→ **Information shown**
↓

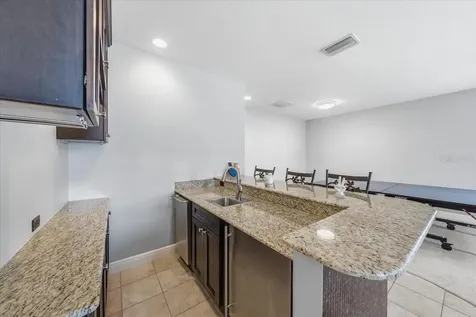 16303 Dunlindale Drive Lithia FL 33547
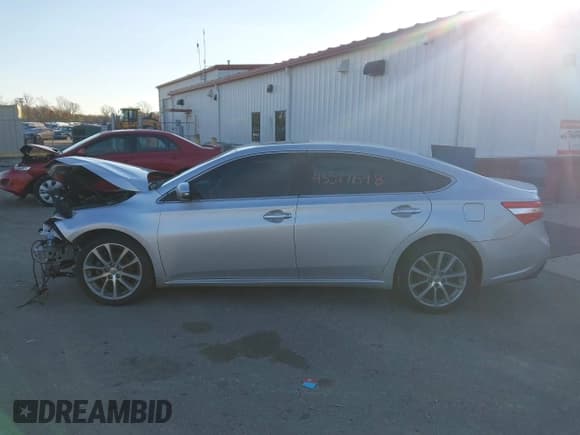 ✅ 2014 Toyota Avalon XLE Premium • VIN: 4T1BK1EB8EU087077 • Lot: 43577648. Wystawiony na IAAI z przebiegiem 143 392 mil. Bezpłatny archiwum sprzedaży aukcyjnych z USA i szczegółowy raport historii pojazdu na DreamBid. Zdjęcie 15.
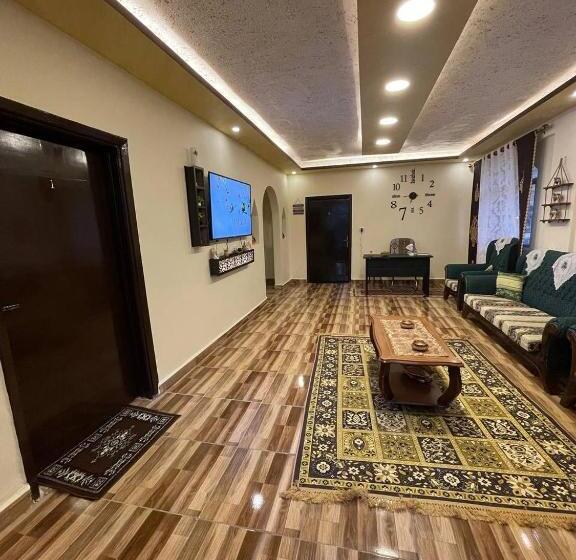 پانسیون Ad Deir Guesthouse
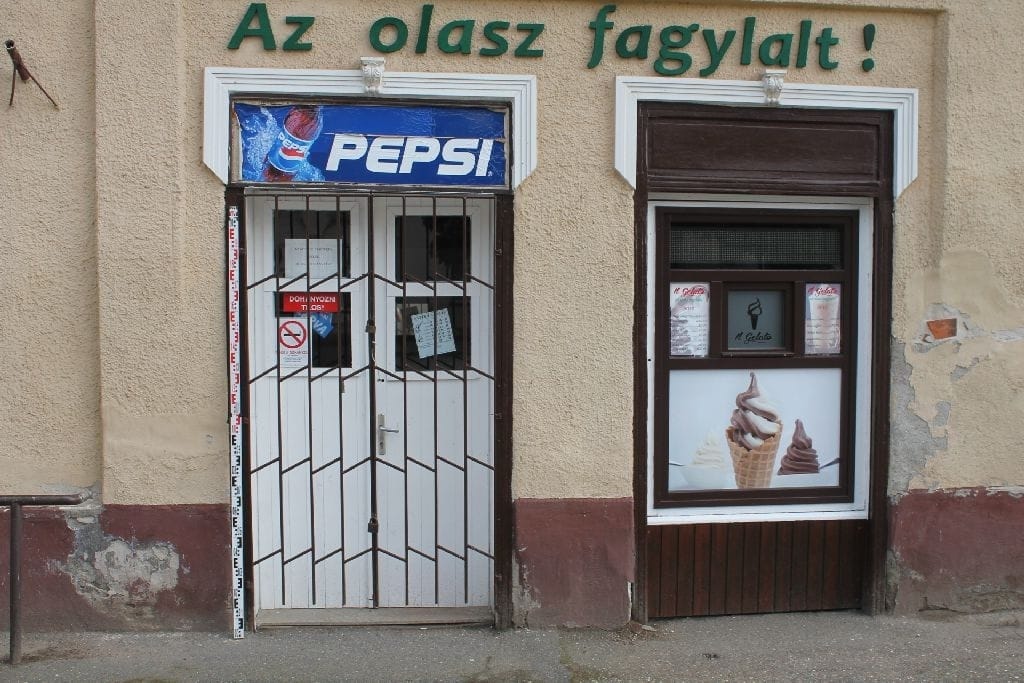 Születésnapja volt, a bulihoz késsel rabolt 9 gombóc fagyit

↑

→ **What you have to do**
Once the pictures are set aside, please output all the data word for word.

→ **Solved problem**
 16303 Dunlindale Drive Lithia FL 33547
 ✅ 2014 Toyota Avalon XLE Premium • VIN: 4T1BK1EB8EU087077 • Lot: 43577648. Wystawiony na IAAI z przebiegiem 143 392 mil. Bezpłatny archiwum sprzedaży aukcyjnych z USA i szczegółowy raport historii pojazdu na DreamBid. Zdjęcie 15.
 پانسیون Ad Deir Guesthouse
 Születésnapja volt, a bulihoz késsel rabolt 9 gombóc fagyit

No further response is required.